Было ясно, что мы не желаем ему подчиняться. Накопившаяся в сердцах многотысячной толпы ненависть внезапно вырвалась наружу. Те, кто стоял впереди, еще плотнее сомкнулись и с оружием наготове угрожающе двинулись вперед, в сторону охраняемой немцами дороги. Немецкий полковник дал знак, и пулеметы, установленные на танкетке, выпустили несколько коротких очередей над нашими головами. Мы растерянно остановились шагах в тридцати от кювета. Полковник на танкетке опять поднял руку с пистолетом и стал что-то кричать. Лишь немного погодя передние смогли понять, что он хочет говорить с офицером.
— Офицера… Офицера сюда!
Море людей заволновалось; солдаты смотрели один на другого и, оборачиваясь назад, кричали:
— Офицера… офицера!
Но они напрасно надрывались: офицеров не было.
— Они все сегодня ночью на машинах удрали! — крикнул кто-то.
— К черту офицеров! — запальчиво орал другой. — Не нужны нам офицеры!.. Они нас в огонь толкнули, а потом бросили!
— Тогда выходи ты, умник! — подтрунил чей-то голос. — Пойди и скажи этому на танкетке, что мы по горло сыты союзничками, скажи, домой, мол, хотим!
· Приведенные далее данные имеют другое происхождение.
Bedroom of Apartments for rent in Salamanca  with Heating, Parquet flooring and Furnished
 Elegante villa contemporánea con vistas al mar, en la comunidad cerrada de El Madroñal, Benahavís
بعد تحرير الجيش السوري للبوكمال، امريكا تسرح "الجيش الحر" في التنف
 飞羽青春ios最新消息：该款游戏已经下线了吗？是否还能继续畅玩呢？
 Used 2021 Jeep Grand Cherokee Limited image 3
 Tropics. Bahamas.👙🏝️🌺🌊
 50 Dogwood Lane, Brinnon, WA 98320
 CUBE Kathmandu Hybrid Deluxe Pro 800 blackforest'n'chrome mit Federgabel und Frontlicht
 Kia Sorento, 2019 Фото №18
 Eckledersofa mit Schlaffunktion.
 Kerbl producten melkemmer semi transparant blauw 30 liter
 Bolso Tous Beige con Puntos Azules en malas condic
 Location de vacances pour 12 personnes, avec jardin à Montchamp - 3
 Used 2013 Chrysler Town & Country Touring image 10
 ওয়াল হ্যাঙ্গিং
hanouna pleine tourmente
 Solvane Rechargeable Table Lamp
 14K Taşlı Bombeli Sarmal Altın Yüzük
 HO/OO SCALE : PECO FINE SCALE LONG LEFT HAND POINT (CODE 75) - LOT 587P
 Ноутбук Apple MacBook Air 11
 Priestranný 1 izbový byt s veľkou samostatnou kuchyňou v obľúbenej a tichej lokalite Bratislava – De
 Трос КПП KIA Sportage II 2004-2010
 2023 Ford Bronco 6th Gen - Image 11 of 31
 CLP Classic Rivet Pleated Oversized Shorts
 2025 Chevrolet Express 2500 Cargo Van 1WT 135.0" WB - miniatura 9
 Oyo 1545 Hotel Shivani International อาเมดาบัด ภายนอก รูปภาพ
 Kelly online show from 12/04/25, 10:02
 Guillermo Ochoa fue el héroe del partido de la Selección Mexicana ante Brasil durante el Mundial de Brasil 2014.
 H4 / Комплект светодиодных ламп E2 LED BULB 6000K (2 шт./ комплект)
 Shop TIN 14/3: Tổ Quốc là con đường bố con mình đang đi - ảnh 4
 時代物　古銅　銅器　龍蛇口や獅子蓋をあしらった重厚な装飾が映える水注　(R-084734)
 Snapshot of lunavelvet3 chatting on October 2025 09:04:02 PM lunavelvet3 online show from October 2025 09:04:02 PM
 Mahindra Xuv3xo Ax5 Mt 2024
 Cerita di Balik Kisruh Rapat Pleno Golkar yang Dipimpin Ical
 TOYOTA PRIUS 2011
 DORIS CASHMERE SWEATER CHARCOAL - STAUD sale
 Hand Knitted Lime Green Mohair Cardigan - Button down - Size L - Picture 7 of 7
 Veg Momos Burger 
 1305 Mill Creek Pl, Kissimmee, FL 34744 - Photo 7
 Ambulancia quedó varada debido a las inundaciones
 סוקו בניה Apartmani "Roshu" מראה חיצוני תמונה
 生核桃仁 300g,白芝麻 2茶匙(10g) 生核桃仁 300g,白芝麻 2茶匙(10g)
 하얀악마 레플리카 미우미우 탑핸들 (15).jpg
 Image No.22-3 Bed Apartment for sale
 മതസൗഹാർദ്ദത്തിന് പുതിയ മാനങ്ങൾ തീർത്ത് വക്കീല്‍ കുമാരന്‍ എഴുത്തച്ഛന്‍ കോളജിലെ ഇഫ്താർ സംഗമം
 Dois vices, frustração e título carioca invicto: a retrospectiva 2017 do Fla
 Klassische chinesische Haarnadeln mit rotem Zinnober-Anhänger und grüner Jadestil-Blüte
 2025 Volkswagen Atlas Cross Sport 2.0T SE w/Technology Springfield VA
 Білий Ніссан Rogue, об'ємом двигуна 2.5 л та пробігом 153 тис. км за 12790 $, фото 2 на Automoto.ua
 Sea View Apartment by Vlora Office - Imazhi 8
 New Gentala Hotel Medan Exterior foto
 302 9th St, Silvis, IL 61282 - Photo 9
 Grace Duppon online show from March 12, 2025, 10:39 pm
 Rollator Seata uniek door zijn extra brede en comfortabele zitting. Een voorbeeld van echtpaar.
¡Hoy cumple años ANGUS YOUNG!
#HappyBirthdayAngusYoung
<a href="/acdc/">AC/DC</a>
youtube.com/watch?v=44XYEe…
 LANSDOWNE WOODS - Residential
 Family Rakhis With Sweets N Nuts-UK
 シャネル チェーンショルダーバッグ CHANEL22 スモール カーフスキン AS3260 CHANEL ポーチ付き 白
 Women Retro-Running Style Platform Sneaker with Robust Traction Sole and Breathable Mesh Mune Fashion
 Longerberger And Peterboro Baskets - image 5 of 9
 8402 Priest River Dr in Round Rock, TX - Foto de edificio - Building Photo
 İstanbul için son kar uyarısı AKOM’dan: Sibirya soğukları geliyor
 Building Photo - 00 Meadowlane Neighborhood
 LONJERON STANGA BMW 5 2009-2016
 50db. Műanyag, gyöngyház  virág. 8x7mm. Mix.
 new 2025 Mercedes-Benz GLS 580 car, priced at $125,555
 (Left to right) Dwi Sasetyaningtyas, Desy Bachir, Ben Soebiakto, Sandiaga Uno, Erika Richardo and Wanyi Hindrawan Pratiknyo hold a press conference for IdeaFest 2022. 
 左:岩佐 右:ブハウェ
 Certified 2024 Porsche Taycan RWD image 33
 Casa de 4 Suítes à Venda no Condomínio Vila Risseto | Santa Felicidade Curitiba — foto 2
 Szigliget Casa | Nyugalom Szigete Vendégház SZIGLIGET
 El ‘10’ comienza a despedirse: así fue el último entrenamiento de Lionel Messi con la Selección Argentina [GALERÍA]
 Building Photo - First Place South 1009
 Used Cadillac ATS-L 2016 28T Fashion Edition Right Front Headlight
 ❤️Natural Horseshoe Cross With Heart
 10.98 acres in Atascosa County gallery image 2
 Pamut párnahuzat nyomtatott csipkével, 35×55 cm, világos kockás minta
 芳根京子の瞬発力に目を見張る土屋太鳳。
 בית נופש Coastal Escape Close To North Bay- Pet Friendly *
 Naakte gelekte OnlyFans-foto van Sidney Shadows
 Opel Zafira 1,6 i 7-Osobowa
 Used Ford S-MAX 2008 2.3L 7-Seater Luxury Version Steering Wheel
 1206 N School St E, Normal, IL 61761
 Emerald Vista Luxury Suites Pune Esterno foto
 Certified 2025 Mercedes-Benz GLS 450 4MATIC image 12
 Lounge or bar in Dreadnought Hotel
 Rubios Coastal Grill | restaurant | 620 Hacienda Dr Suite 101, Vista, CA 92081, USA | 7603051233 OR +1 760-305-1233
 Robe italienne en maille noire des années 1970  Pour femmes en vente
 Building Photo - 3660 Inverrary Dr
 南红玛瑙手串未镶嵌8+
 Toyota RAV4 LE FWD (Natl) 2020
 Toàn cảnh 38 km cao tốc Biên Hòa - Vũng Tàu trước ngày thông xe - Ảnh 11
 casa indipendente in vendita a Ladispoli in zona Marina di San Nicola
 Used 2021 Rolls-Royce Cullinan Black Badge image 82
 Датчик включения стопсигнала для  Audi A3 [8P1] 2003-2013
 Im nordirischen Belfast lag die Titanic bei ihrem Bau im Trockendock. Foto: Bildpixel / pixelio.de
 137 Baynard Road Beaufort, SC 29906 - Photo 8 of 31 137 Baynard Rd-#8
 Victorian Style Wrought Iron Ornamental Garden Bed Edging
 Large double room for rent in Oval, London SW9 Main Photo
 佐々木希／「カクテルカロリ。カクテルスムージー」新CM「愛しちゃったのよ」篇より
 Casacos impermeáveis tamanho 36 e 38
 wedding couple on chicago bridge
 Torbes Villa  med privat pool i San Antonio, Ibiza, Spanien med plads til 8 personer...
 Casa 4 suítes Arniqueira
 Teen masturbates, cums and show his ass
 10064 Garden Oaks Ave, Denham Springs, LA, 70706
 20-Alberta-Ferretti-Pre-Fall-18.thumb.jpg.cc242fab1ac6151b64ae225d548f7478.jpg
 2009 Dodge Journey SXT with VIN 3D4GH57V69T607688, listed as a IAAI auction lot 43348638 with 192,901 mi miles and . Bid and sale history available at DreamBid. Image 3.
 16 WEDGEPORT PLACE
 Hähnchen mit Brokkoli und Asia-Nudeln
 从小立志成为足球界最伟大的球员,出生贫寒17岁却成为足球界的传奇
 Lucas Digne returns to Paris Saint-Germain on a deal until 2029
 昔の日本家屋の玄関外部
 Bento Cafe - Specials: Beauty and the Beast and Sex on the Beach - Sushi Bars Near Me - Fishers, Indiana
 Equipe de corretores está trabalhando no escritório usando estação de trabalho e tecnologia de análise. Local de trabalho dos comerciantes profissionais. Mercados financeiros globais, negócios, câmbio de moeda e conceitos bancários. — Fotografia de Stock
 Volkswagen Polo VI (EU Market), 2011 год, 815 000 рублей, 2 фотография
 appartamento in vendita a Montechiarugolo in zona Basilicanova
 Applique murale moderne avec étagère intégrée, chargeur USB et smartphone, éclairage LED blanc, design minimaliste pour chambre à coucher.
Ну, иди!
Казалось, так и не удастся нам найти офицера. Но тут мы вспомнили о Гине, учителе из нашего села. Он стоял впереди с Митрицэ и Думитраке. Люди, окружавшие его, расступились, образовав проход. Гицэ Гиня вопросительно, с удивлением посмотрел на нас, забыв, вероятно, что он офицер. Потом спокойно и уверенно пошел вперед, провожаемый десятками и сотнями недоверчивых, подозрительных глаз… Одет он был, как и мы, в солдатскую полевую форму, на голове у него была поношенная зеленоватая холщовая фуражка, на длинном ремне через плечо висела полевая сумка и автомат. Единственное, что выдавало в нем офицера, — это вырезанные из жести консервных банок поржавевшие узкие кривые полоски на погонах.